Automic Workload Automation

View Only

Back to discussions

Expand all | Collapse all

Download files from a SFTP in parallel

1. Download files from a SFTP in parallel

0 Recommend
MarcoTizzoni604411
Posted Jul 05, 2017 09:43 AM

Reply Reply Privately
Hello,
we have to download a couple of thousands files from a remote SFTP server. We would like to parallelize the download on multiple servers to speed up the process.
I thought a possible implementation could be:
execute a ls command using the RA_FTP agent
parse the ls output to get the list of files in a variable
for each file trigger a file download
I could not get past the first point because the ls output is mixed with SSH debug information and parsing is hard and too easy too break.
Any hints on how to overcome the issue or other possible implementations?

Best,
Marco
2. Download files from a SFTP in parallel

0 Recommend
Anon Anon
Posted Jul 05, 2017 09:54 AM

Reply Reply Privately
If possible I would ask the provider of the files to send/upload a list of files with a defined name, this can be downloaded and further processed quite easy.
3. Download files from a SFTP in parallel

0 Recommend
MarcoTizzoni604411
Posted Jul 05, 2017 10:16 AM

Reply Reply Privately
Unfortunately this is not possible. :(
4. Download files from a SFTP in parallel

0 Recommend
Pete Wirfs
Posted Jul 05, 2017 11:31 AM

Reply Reply Privately
Your primary goal here is to speed up the download process of numerous files. Each RA-FTP job has a "number of transfer threads" option. Suggest you try some performance tests with a larger setting, and see if you can reach your performance goals that way?

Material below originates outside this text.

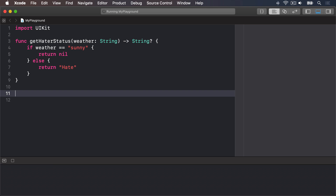For example, we might say there are five kinds of weather: sun, cloud, rain, wind, and snow. If you make this an enum, it means Swift will accept only those five values — anything else will trigger an error. And behind the scenes, enums are just simple numbers, which are a lot faster than strings for computers to work with.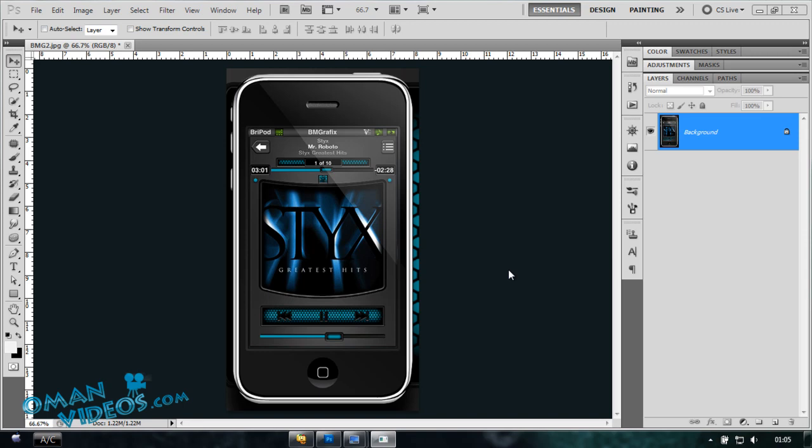Hello everyone and welcome to this Photoshop tutorial. Today I'm going to show you how to create a cool music bars effect, and we'll be creating it in this iPhone here, the one where it's written STYX, this part here.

To find this setting, go to the "FTP" tab, and on the "Command Sequence" title bar, go to the upper right corner and find the "job settings" option.

From RA-FTP help;
"Limits parallel processing when wildcards are used. Default value is 2."
5. Download files from a SFTP in parallel

0 Recommend
MarcoTizzoni604411
Posted Jul 10, 2017 11:04 AM

Reply Reply Privately
Thanks Pete,
that could be an approach, however we wanted to be flexible and be able to scale if we need to add more hosts in the future.
6. Download files from a SFTP in parallel

0 Recommend
Carsten Schmitz
Posted Jul 17, 2017 12:02 PM

Reply Reply Privately
Hi,

So you want to spread the action of downloading these files over multiple servers? That would imply that the bottleneck you're trying to address is the I/O on the downloading server itself, and not the actual network link. While possible, this is a rather unusual scenario. Are you sure about this?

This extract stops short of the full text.